しかも、スプリガンが必死に竜巻や荒波を乗り切ったと見るや否や、今度はハリケーンを横倒しにしたような、とんでもない溜め息を吐いてきた。
『あんなの食らったら終わりですよ~!』
『【πυροτέχνημα】!』
それに対して、たくあんは今まで聞いた事の無い呪文を唱える。
『プ、プリ~ン!?』
《《スプリガンが飛んだ!?》》
すると、スプリガンの舵に空気が圧縮しながら集まり、やがて爆発、その反動でミサイルの如く空を飛んだ。
「|πυροτέχνημα《ピロテーフニマ》」とは「打ち上げ花火」の事。
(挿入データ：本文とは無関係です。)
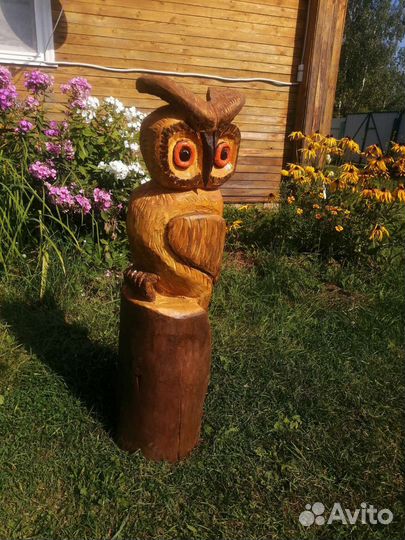 Скульптура совы из дерева для сада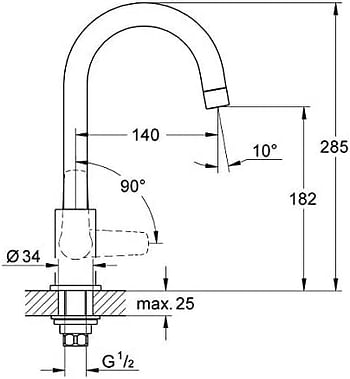 GROHE Bathroom Fixtures, Pillar Tap - Bauflow Collection, 31220000 Silver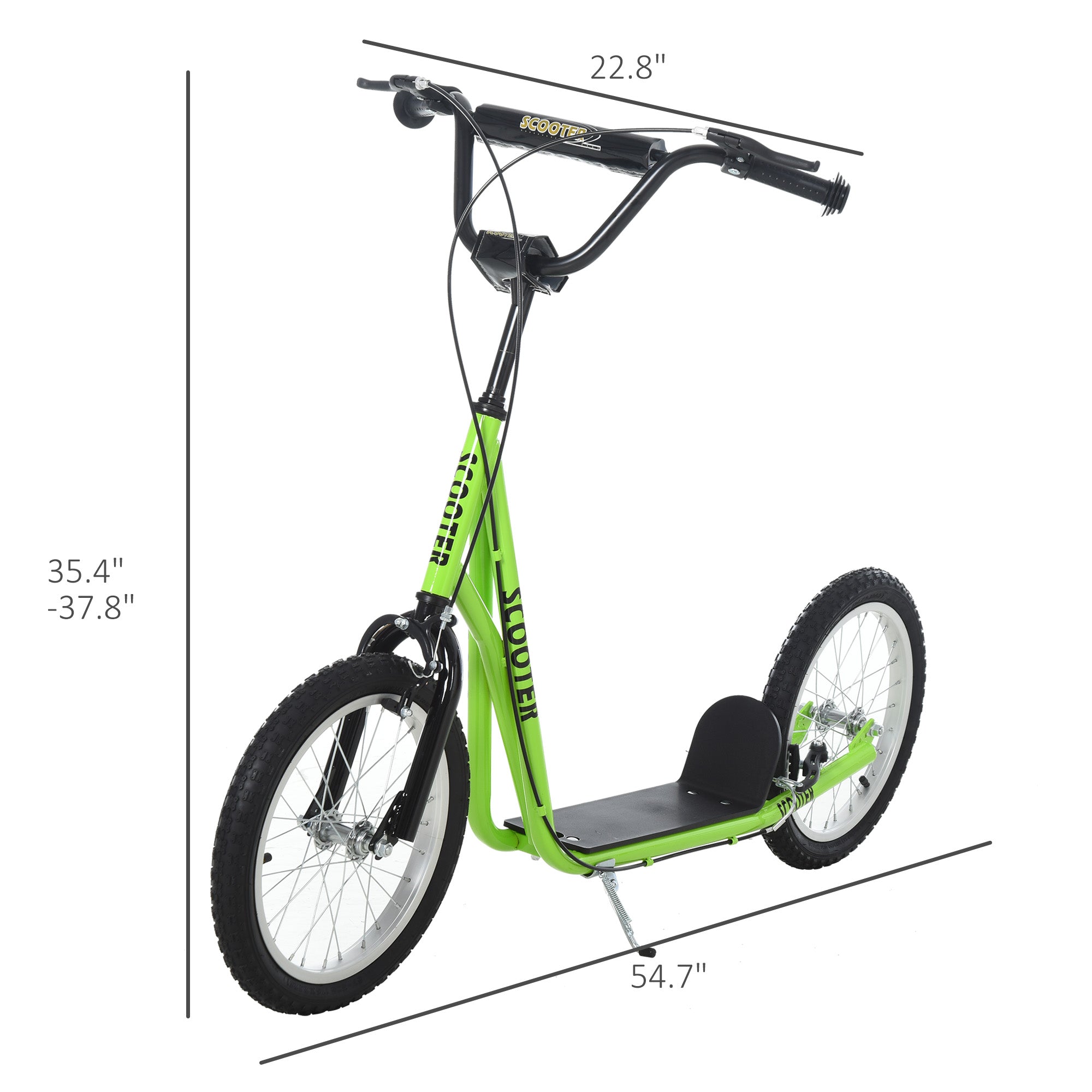 Kids Adjustable Kick Scooter with Dual Brakes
文字通り対象を花火の如く打ち上げているだけなので、短時間かつ制御が効かないのが難点だが、背に腹は代えられない。カリュブディスの竜巻旋風ブレスを抜け出すには、ミサイルになるしかなかったのである。
『【σωρειτομελανίας】!』
さらに、雲の近くまで行ったのを利用して、たくあんが一部を操作、積乱雲を生み出し、
『【κεραυνός】!』
『フルヴォォォンン!? ブヴォルァアアアッ!』
稲妻を発生させ、カリュブディスの右目に直撃させた。流石の生ける空中要塞も堪らず逃げ出し、天候も回復する。
《《ぶ、ぶつかるぅうううううっ!》》
『……スップリィイイイイン!』
だが、一度発射されたミサイルは止まらず、一行は目指していた陸地の手前にある島に激突した。スプリガンがプリンに戻り、衝撃を殆ど吸収してくれたおかげで事無きを得たものの、
『ぱたんきゅ~……』
「『た、たくぁあああああん!』」
敵の生み出した物を利用したとは言え、天候に影響を与える魔法は多大な負担となり、たくあんは完全に昏睡してしまった。一体どうなってしまうんだ、たくあん!?
◆カリュブディス
英雄「オデュッセウス」の冒険譚「オデュッセイア」に登場する海の魔物。一日に三度波を吸い込んでは吐き出し、巨大な渦潮を幾つも生み出すと言われている。元は大海神「ポセイドン」と大地の女神「ガイア」の娘であり容姿端麗の美人という才色兼備の女神だったのだが、その見た目に反してカ○ゴンも絶句する程の悪食かつ大喰らいで、ある時「ゼウス」の可愛がっていた聖なる牛を盗み食いしてしまい、罰として怪物に変えられてしまったらしい。その後はメッシーナ海峡を根城に船乗りを船ごと平らげる、クラーケンみたいな悪行を繰り返すようになってしまった。
正体は馬鹿デカい頭足類。普段は海底に潜んでいるが、体内に溜め込んだ腐敗ガスで一気に急浮上し、更には宙に浮かんで、変わらない吸引力によって何もかも呑み干してしまう。背中に生えた鉱石や体内に溜まった腐敗ガスは、全て食い殺した獲物を由来としている。